In the buffer case, 4 bytes are loaded as a single f32 value. We could change buffer to array<u32> and then load a value, and manually split it into 4 byte values, and convert those to floats ourselves but, if that’s what we wanted we get it for free with a storage texture.
A storage texture has dimensions

For a buffer, the only dimension is its length, or rather, the length of its binding ^[1]. Above, when we used a buffer as a 2D array, we needed width to convert from a 2d coordinate to a 1d buffer index. We’d have to either hard code the value for width or pass it in some how^[2]. With a texture we can call textureDimensions to get the texture’s dimensions.

That said, there are limits on storage textures.

Only certain formats can be read_write.

Those are r32float, r32sint, and r32uint.

Other supported formats can only be read or write within a single shader.
Only certain formats can be used as storage textures.

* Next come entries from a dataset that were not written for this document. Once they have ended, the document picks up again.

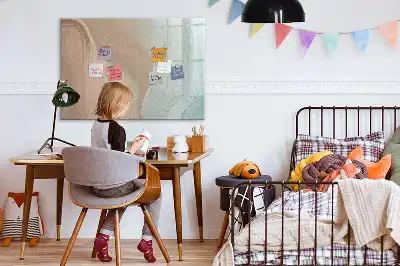Magnetisk skrivetavle med bølgeabstraktion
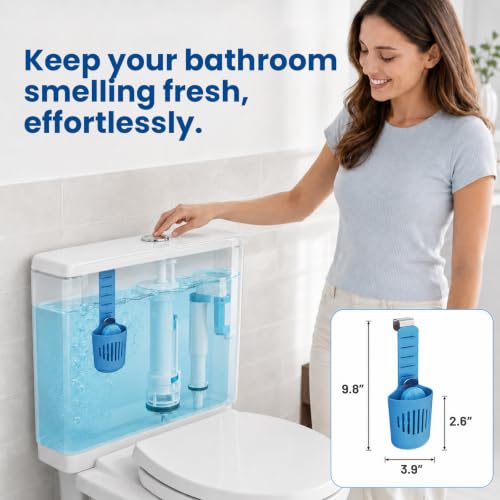 Adjustable Toilet Tank Tablet Holder for Bowl Cleaner Tablets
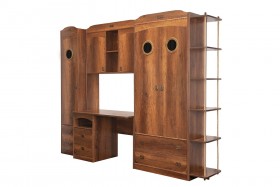 Шкаф комбинированный для одежды «Навигатор» (Дуб Каньон) в Змеиногорске - zmeinogorsk.katalogmebeli.com | фото 5
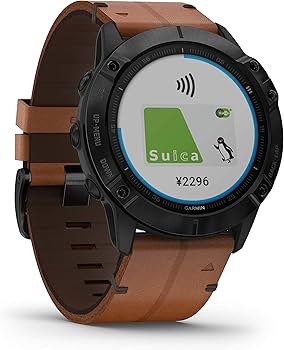 Amazon.co.jp: ガーミン fenix6X Sapphire Black DLC Leather band 小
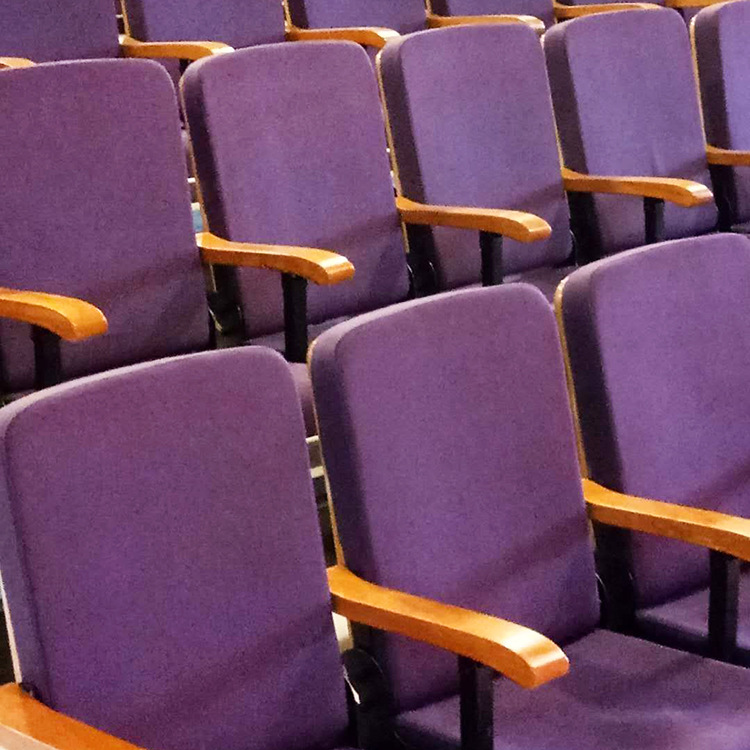 学校座椅 活动看台 伸缩看台 大礼堂剧场影院座椅 看台座椅示例图7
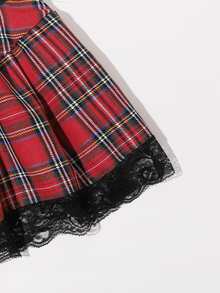 Snug Zone طقم ملابس داخلية بقطعة واحدة بنمط التارتن مع سروال - متعدد الألوان - مشاهدة 5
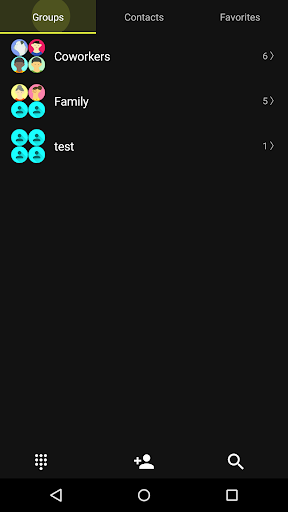 Black POP Theme for ExDialer Screen 3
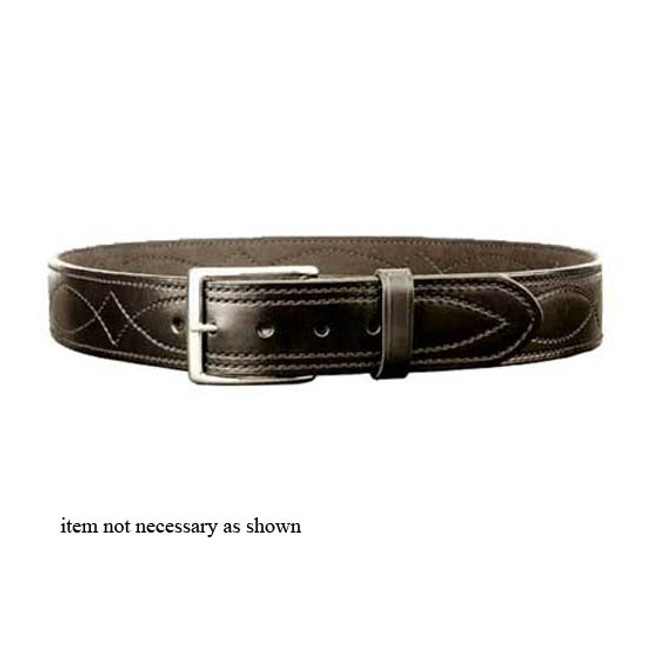 DeSantis 11/2" Fancy Stitch Lined Belt Black Size 36 [FC-792695155157]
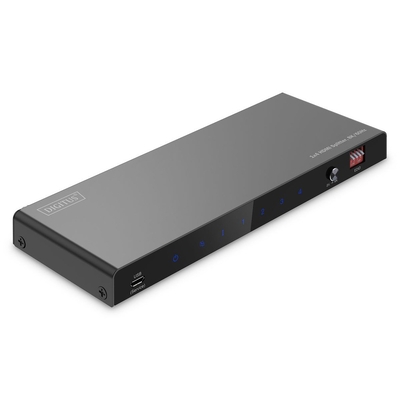 Product HDMI Splitter Digitus 1x4 8K/60Hz Toslink,Stereo,EDID Contr. base image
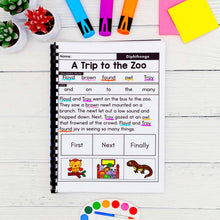 Load image into Gallery viewer, 50 Diphthongs Decodable Read &amp; Sequence Phonics Passages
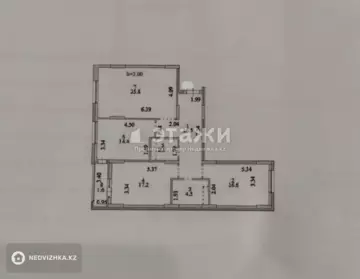 3-комнатная квартира, этаж 17 из 17, 100 м²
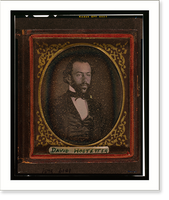 Unidentified man, possibly David Hostetter, head-and-shoulders portrait, facing right Classic, Historic Reproduction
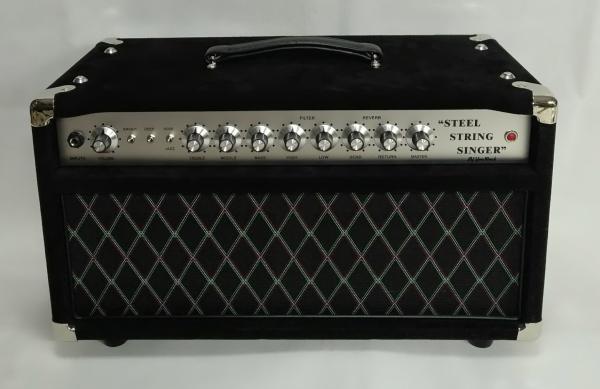 Custom Amplifier Deluxe Handwired Steel String Singer SSS Guitar Amplifier Head 50W with Kinds Tolex Option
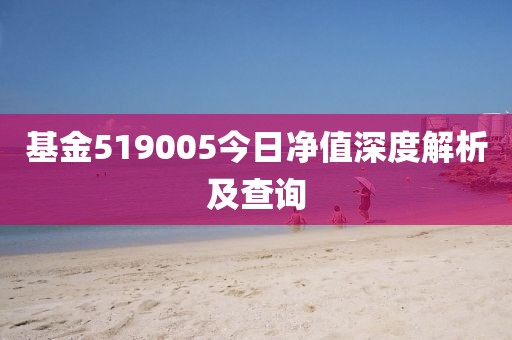 基金519005今日凈值深度解析及查詢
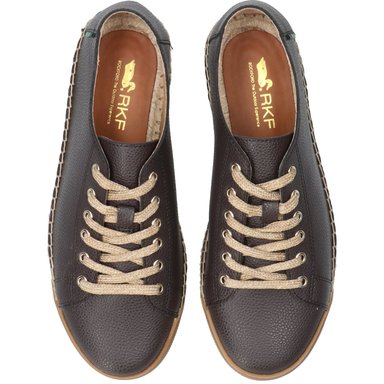 ZAPATILLAS MUJER ROCKFORD CASUALES GRIS PARDO CUERO FONTAINE - 9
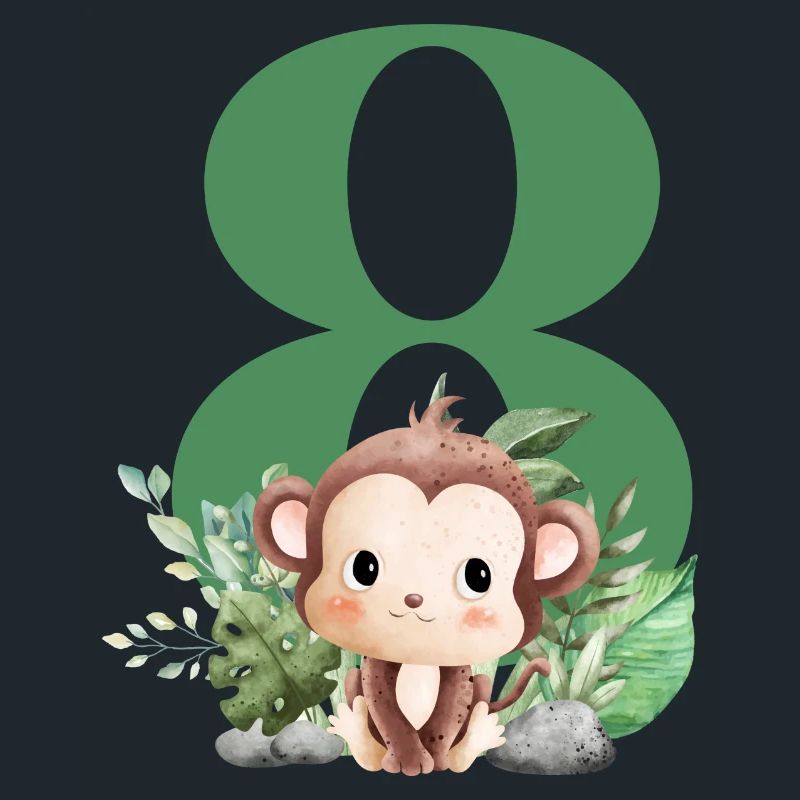 8th Birthday Monkey Safari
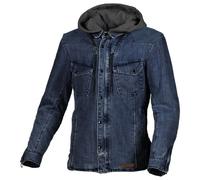 Giacca Moto Uomo Macna Inland Blue / Brown
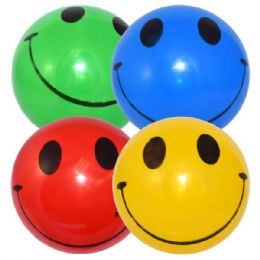 48 Bulk Dodge Ball 9in Happy Face
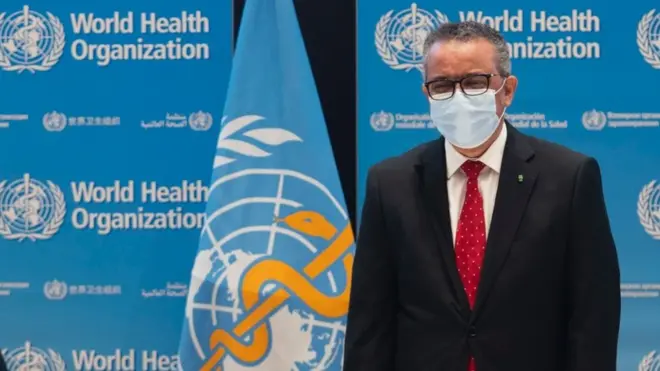Daarektara Olaanaa Dhaabbata Fayyaa Addunyaa (WHO) Dr Teedros Adihaanom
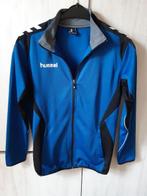 Hummel trainingsjas - sportjas maat L, Blauw, Overige typen, Ophalen of Verzenden, Zo goed als nieuw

There are a large number of texture formats but only certain ones can be usage as storage textures.
- rgba8(unorm/snorm/sint/uint)
- rgba16(float/sint/uint)
- rg32(float/sint/uint)
- rgba32(float/sint/uint)
One format to notice missing is bgra8unorm which we’ll cover below.
Storage textures can not use samplers

If we use a texture as normal TEXTURE_BINDING then we can call functions like textureSample which load up to 16 texels across mip levels and blend them together. When we use a texture as a STORAGE_BINDING we can only call textureLoad and/or textureStore which load and store a single texel at a time.

Canvas as a Storage Texture

You can use a canvas texture as a storage texture. To do so, you configure the context to give you a texture that can be used as a storage texture.

  const presentationFormat = navigator.gpu.getPreferredCanvasFormat()
  context.configure({
    device,
    format: presentationFormat,
+    usage: GPUTextureUsage.TEXTURE_BINDING |
+           GPUTextureUsage.STORAGE_BINDING,
  });

TEXTURE_BINDING is needed so the browser itself can render the texture to the page. STORAGE_BINDING lets us use the canvas’s textures as storage textures. If we still wanted to render to the texture via a render pass, like most examples on this site, we’d also add the RENDER_ATTACHMENT usage.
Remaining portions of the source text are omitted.